> _TRY IT_:
Exact copies of all the records below should be returned.

> _DATA SECTION_:
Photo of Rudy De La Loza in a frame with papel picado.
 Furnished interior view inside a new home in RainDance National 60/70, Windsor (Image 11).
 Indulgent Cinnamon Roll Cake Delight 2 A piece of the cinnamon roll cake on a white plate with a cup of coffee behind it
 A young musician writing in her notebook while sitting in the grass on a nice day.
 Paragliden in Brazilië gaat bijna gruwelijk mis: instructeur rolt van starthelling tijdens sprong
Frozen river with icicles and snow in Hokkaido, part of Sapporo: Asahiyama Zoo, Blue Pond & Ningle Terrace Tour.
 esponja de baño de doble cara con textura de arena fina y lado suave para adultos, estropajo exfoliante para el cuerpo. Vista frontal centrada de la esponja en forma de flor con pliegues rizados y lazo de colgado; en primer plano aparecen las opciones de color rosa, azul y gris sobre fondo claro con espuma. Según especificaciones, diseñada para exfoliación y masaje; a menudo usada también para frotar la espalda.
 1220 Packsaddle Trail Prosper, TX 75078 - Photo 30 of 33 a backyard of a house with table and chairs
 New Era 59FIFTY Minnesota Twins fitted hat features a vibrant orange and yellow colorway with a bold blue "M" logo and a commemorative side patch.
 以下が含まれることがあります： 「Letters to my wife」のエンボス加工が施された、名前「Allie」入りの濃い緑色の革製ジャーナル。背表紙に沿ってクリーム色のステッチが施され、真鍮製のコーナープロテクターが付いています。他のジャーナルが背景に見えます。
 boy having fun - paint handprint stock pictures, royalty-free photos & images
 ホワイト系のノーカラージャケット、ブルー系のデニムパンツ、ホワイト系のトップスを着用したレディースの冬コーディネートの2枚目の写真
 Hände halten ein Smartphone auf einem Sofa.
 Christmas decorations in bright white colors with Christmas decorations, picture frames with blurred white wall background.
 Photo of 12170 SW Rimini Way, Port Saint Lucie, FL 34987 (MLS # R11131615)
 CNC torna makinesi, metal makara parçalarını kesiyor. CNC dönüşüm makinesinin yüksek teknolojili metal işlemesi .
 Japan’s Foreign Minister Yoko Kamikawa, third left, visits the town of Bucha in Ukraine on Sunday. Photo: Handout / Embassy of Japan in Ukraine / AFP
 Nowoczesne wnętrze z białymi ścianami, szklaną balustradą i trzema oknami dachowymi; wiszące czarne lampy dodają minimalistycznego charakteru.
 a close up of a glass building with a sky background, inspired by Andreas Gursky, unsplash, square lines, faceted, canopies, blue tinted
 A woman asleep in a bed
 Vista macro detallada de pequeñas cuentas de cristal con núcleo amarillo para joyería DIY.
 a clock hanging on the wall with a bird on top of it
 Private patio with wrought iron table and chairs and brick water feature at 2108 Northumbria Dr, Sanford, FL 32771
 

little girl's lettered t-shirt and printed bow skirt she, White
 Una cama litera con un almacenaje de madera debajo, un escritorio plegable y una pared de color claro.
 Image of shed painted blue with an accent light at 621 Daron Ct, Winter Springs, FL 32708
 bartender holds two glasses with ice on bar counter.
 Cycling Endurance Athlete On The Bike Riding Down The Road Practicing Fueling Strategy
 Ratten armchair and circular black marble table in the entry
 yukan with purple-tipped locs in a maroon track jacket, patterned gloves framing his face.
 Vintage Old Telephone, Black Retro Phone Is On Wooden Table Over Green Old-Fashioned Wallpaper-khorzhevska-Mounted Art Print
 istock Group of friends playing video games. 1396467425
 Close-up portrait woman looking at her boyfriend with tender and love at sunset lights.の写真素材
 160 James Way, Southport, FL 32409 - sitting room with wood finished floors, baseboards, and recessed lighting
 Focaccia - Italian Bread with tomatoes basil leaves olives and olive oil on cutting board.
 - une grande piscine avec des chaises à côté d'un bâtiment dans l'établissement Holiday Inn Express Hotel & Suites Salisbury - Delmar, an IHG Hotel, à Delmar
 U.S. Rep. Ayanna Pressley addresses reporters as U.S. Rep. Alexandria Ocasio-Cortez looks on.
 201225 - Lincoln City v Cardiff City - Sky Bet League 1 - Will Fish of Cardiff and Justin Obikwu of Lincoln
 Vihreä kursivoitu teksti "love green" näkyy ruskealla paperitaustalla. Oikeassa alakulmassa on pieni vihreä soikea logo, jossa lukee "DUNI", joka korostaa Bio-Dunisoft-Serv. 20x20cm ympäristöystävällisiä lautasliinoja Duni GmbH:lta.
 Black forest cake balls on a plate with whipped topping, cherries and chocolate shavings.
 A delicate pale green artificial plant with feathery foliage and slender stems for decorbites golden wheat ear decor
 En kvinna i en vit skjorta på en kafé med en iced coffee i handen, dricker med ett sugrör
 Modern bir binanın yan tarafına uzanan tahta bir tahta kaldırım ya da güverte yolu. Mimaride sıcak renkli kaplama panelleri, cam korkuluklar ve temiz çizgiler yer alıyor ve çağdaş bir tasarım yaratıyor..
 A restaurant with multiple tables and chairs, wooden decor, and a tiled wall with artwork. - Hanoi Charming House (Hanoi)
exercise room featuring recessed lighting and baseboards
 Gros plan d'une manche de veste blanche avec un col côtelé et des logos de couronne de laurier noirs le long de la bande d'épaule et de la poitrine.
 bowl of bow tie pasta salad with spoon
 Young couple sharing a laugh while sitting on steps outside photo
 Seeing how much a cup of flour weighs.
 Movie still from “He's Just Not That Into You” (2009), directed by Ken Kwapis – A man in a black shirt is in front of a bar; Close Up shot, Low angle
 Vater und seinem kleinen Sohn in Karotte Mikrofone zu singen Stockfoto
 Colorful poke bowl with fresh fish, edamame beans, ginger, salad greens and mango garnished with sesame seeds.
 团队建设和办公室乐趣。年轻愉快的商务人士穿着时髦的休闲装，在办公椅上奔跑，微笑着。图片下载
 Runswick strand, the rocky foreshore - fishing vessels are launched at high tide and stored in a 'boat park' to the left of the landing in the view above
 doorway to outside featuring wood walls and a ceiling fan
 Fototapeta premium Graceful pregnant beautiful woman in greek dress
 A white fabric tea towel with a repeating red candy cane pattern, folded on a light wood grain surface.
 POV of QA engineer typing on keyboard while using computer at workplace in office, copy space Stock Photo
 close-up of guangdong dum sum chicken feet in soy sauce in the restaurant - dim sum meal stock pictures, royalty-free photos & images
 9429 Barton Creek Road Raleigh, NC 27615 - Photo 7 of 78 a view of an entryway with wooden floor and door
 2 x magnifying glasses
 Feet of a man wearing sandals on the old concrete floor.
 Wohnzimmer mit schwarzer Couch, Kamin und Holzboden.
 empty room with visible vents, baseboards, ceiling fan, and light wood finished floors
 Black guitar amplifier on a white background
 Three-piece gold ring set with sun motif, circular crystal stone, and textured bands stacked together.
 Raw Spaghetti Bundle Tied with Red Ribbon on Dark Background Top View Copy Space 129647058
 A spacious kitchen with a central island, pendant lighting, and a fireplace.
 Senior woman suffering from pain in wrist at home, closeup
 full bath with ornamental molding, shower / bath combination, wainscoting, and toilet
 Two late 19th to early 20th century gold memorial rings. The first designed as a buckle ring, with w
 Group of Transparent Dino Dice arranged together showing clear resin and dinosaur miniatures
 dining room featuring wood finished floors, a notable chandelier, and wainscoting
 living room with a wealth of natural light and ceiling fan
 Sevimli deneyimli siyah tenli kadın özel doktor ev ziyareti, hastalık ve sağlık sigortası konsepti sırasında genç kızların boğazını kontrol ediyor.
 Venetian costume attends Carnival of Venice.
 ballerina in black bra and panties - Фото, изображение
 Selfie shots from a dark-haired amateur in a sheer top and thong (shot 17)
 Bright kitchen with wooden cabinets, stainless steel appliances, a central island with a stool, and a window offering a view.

> _RESPONSE_:
Photo of Rudy De La Loza in a frame with papel picado.
 Furnished interior view inside a new home in RainDance National 60/70, Windsor (Image 11).
 Indulgent Cinnamon Roll Cake Delight 2 A piece of the cinnamon roll cake on a white plate with a cup of coffee behind it
 A young musician writing in her notebook while sitting in the grass on a nice day.
 Paragliden in Brazilië gaat bijna gruwelijk mis: instructeur rolt van starthelling tijdens sprong
Frozen river with icicles and snow in Hokkaido, part of Sapporo: Asahiyama Zoo, Blue Pond & Ningle Terrace Tour.
 esponja de baño de doble cara con textura de arena fina y lado suave para adultos, estropajo exfoliante para el cuerpo. Vista frontal centrada de la esponja en forma de flor con pliegues rizados y lazo de colgado; en primer plano aparecen las opciones de color rosa, azul y gris sobre fondo claro con espuma. Según especificaciones, diseñada para exfoliación y masaje; a menudo usada también para frotar la espalda.
 1220 Packsaddle Trail Prosper, TX 75078 - Photo 30 of 33 a backyard of a house with table and chairs
 New Era 59FIFTY Minnesota Twins fitted hat features a vibrant orange and yellow colorway with a bold blue "M" logo and a commemorative side patch.
 以下が含まれることがあります： 「Letters to my wife」のエンボス加工が施された、名前「Allie」入りの濃い緑色の革製ジャーナル。背表紙に沿ってクリーム色のステッチが施され、真鍮製のコーナープロテクターが付いています。他のジャーナルが背景に見えます。
 boy having fun - paint handprint stock pictures, royalty-free photos & images
 ホワイト系のノーカラージャケット、ブルー系のデニムパンツ、ホワイト系のトップスを着用したレディースの冬コーディネートの2枚目の写真
 Hände halten ein Smartphone auf einem Sofa.
 Christmas decorations in bright white colors with Christmas decorations, picture frames with blurred white wall background.
 Photo of 12170 SW Rimini Way, Port Saint Lucie, FL 34987 (MLS # R11131615)
 CNC torna makinesi, metal makara parçalarını kesiyor. CNC dönüşüm makinesinin yüksek teknolojili metal işlemesi .
 Japan’s Foreign Minister Yoko Kamikawa, third left, visits the town of Bucha in Ukraine on Sunday. Photo: Handout / Embassy of Japan in Ukraine / AFP
 Nowoczesne wnętrze z białymi ścianami, szklaną balustradą i trzema oknami dachowymi; wiszące czarne lampy dodają minimalistycznego charakteru.
 a close up of a glass building with a sky background, inspired by Andreas Gursky, unsplash, square lines, faceted, canopies, blue tinted
 A woman asleep in a bed
 Vista macro detallada de pequeñas cuentas de cristal con núcleo amarillo para joyería DIY.
 a clock hanging on the wall with a bird on top of it
 Private patio with wrought iron table and chairs and brick water feature at 2108 Northumbria Dr, Sanford, FL 32771
 

little girl's lettered t-shirt and printed bow skirt she, White
 Una cama litera con un almacenaje de madera debajo, un escritorio plegable y una pared de color claro.
 Image of shed painted blue with an accent light at 621 Daron Ct, Winter Springs, FL 32708
 bartender holds two glasses with ice on bar counter.
 Cycling Endurance Athlete On The Bike Riding Down The Road Practicing Fueling Strategy
 Ratten armchair and circular black marble table in the entry
 yukan with purple-tipped locs in a maroon track jacket, patterned gloves framing his face.
 Vintage Old Telephone, Black Retro Phone Is On Wooden Table Over Green Old-Fashioned Wallpaper-khorzhevska-Mounted Art Print
 istock Group of friends playing video games. 1396467425
 Close-up portrait woman looking at her boyfriend with tender and love at sunset lights.の写真素材
 160 James Way, Southport, FL 32409 - sitting room with wood finished floors, baseboards, and recessed lighting
 Focaccia - Italian Bread with tomatoes basil leaves olives and olive oil on cutting board.
 - une grande piscine avec des chaises à côté d'un bâtiment dans l'établissement Holiday Inn Express Hotel & Suites Salisbury - Delmar, an IHG Hotel, à Delmar
 U.S. Rep. Ayanna Pressley addresses reporters as U.S. Rep. Alexandria Ocasio-Cortez looks on.
 201225 - Lincoln City v Cardiff City - Sky Bet League 1 - Will Fish of Cardiff and Justin Obikwu of Lincoln
 Vihreä kursivoitu teksti "love green" näkyy ruskealla paperitaustalla. Oikeassa alakulmassa on pieni vihreä soikea logo, jossa lukee "DUNI", joka korostaa Bio-Dunisoft-Serv. 20x20cm ympäristöystävällisiä lautasliinoja Duni GmbH:lta.
 Black forest cake balls on a plate with whipped topping, cherries and chocolate shavings.
 A delicate pale green artificial plant with feathery foliage and slender stems for decorbites golden wheat ear decor
 En kvinna i en vit skjorta på en kafé med en iced coffee i handen, dricker med ett sugrör
 Modern bir binanın yan tarafına uzanan tahta bir tahta kaldırım ya da güverte yolu. Mimaride sıcak renkli kaplama panelleri, cam korkuluklar ve temiz çizgiler yer alıyor ve çağdaş bir tasarım yaratıyor..
 A restaurant with multiple tables and chairs, wooden decor, and a tiled wall with artwork. - Hanoi Charming House (Hanoi)
exercise room featuring recessed lighting and baseboards
 Gros plan d'une manche de veste blanche avec un col côtelé et des logos de couronne de laurier noirs le long de la bande d'épaule et de la poitrine.
 bowl of bow tie pasta salad with spoon
 Young couple sharing a laugh while sitting on steps outside photo
 Seeing how much a cup of flour weighs.
 Movie still from “He's Just Not That Into You” (2009), directed by Ken Kwapis – A man in a black shirt is in front of a bar; Close Up shot, Low angle
 Vater und seinem kleinen Sohn in Karotte Mikrofone zu singen Stockfoto
 Colorful poke bowl with fresh fish, edamame beans, ginger, salad greens and mango garnished with sesame seeds.
 团队建设和办公室乐趣。年轻愉快的商务人士穿着时髦的休闲装，在办公椅上奔跑，微笑着。图片下载
 Runswick strand, the rocky foreshore - fishing vessels are launched at high tide and stored in a 'boat park' to the left of the landing in the view above
 doorway to outside featuring wood walls and a ceiling fan
 Fototapeta premium Graceful pregnant beautiful woman in greek dress
 A white fabric tea towel with a repeating red candy cane pattern, folded on a light wood grain surface.
 POV of QA engineer typing on keyboard while using computer at workplace in office, copy space Stock Photo
 close-up of guangdong dum sum chicken feet in soy sauce in the restaurant - dim sum meal stock pictures, royalty-free photos & images
 9429 Barton Creek Road Raleigh, NC 27615 - Photo 7 of 78 a view of an entryway with wooden floor and door
 2 x magnifying glasses
 Feet of a man wearing sandals on the old concrete floor.
 Wohnzimmer mit schwarzer Couch, Kamin und Holzboden.
 empty room with visible vents, baseboards, ceiling fan, and light wood finished floors
 Black guitar amplifier on a white background
 Three-piece gold ring set with sun motif, circular crystal stone, and textured bands stacked together.
 Raw Spaghetti Bundle Tied with Red Ribbon on Dark Background Top View Copy Space 129647058
 A spacious kitchen with a central island, pendant lighting, and a fireplace.
 Senior woman suffering from pain in wrist at home, closeup
 full bath with ornamental molding, shower / bath combination, wainscoting, and toilet
 Two late 19th to early 20th century gold memorial rings. The first designed as a buckle ring, with w
 Group of Transparent Dino Dice arranged together showing clear resin and dinosaur miniatures
 dining room featuring wood finished floors, a notable chandelier, and wainscoting
 living room with a wealth of natural light and ceiling fan
 Sevimli deneyimli siyah tenli kadın özel doktor ev ziyareti, hastalık ve sağlık sigortası konsepti sırasında genç kızların boğazını kontrol ediyor.
 Venetian costume attends Carnival of Venice.
 ballerina in black bra and panties - Фото, изображение
 Selfie shots from a dark-haired amateur in a sheer top and thong (shot 17)
 Bright kitchen with wooden cabinets, stainless steel appliances, a central island with a stool, and a window offering a view.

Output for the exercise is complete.